Use trained models to search other compounds if your compound is not contained in these chemical databases. You can download the trained models and predict if a given spectrum (in .mgf format) corresponds to a given molecule.
Create you own pre-calculated library if you have a fixed library of chemical compounds that you want to search against.

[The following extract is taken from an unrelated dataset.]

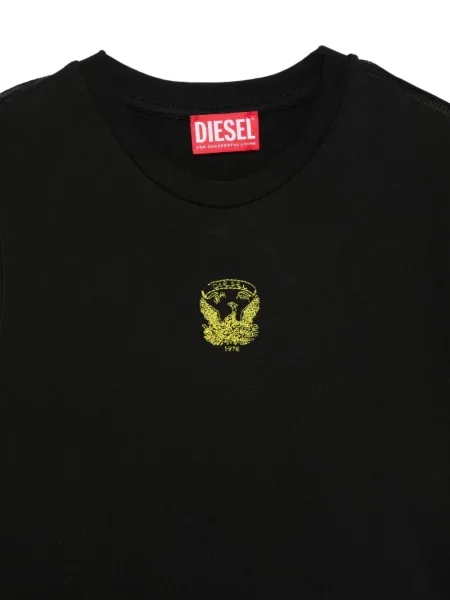 Μπλούζα Diesel μαύρο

Once you have created your own pre-calculated library, you could discard the trained models and save disk space.
Train your own models if you have access to a corpus of spectra to be used as training data.

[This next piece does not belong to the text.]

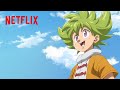Percival's Big Catch | The Seven Deadly Sins: Four Knights of the Apocalypse | Netflix Anime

The source code is available via the EMBL GitLab repository.

Search against pre-calculated library (recommended)

Requirements

Python 2 or Python 3 (Python 3 is required for searching mzML file.), Python >=3.6 is recommended.
pandas >= 0.24.2
numpy >= 1.16.2

Download link

Download the SF-Matching program and pre-calculated library using the link below:

sf-matching_with_precalculated_library.zip (19 GB, md5sum: 0eb3e32df2c03b3de484c1d49612086c )

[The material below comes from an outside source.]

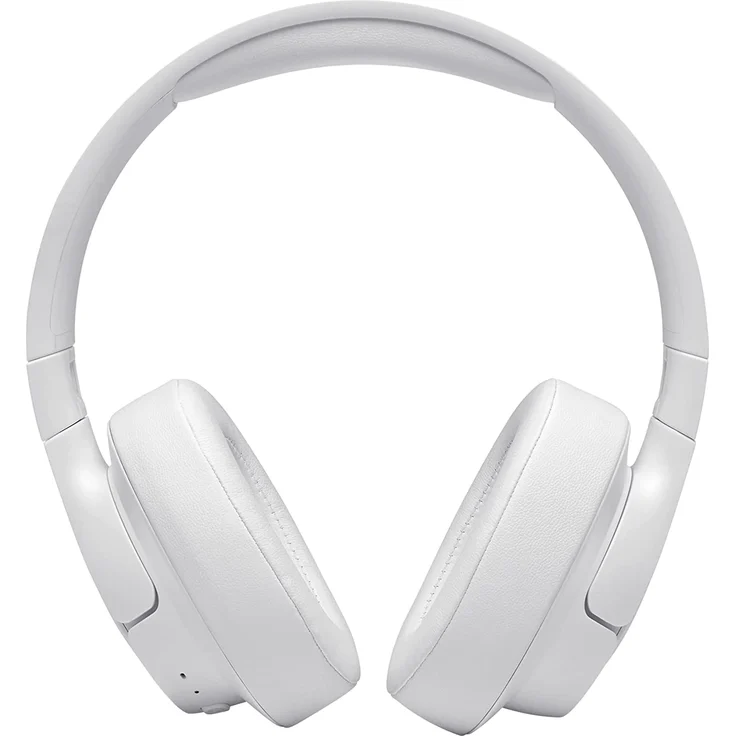 JBL Tune 710BT Over-Ear-Kopfhörer, Weiß – Bild 2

The pre-calculated library will be in the folder sf-matching/Data/library.

You can also download the program and library from Code Ocean and Zenodo.

Usage

Download the SF-Matching program with pre-calculated library and unzip it.
Convert your MS raw file into mgf / mzML / mzXML format.

Run the command:

 python [path_to_the_program]/SearchWithPreCalculatedLibrary/DatabaseSearching.py \
     -db_path [path_to_library] \
     -spectra [.mgf/.mzML/.mzXML filename] \
     -out [output_filename] \
     -ion [ion_type 0 for [M-H]-, 1 for [M+H]+]

Example

If you put the sf-matching program in /data/sf-matching/, the library data is in /data/sf-matching/Data/library/. Now you want to search the spectrum file /data/sf-matching/Data/examples/test-001.mgf with [M-H]-, the following command will generate an output file in /data/result.tsv.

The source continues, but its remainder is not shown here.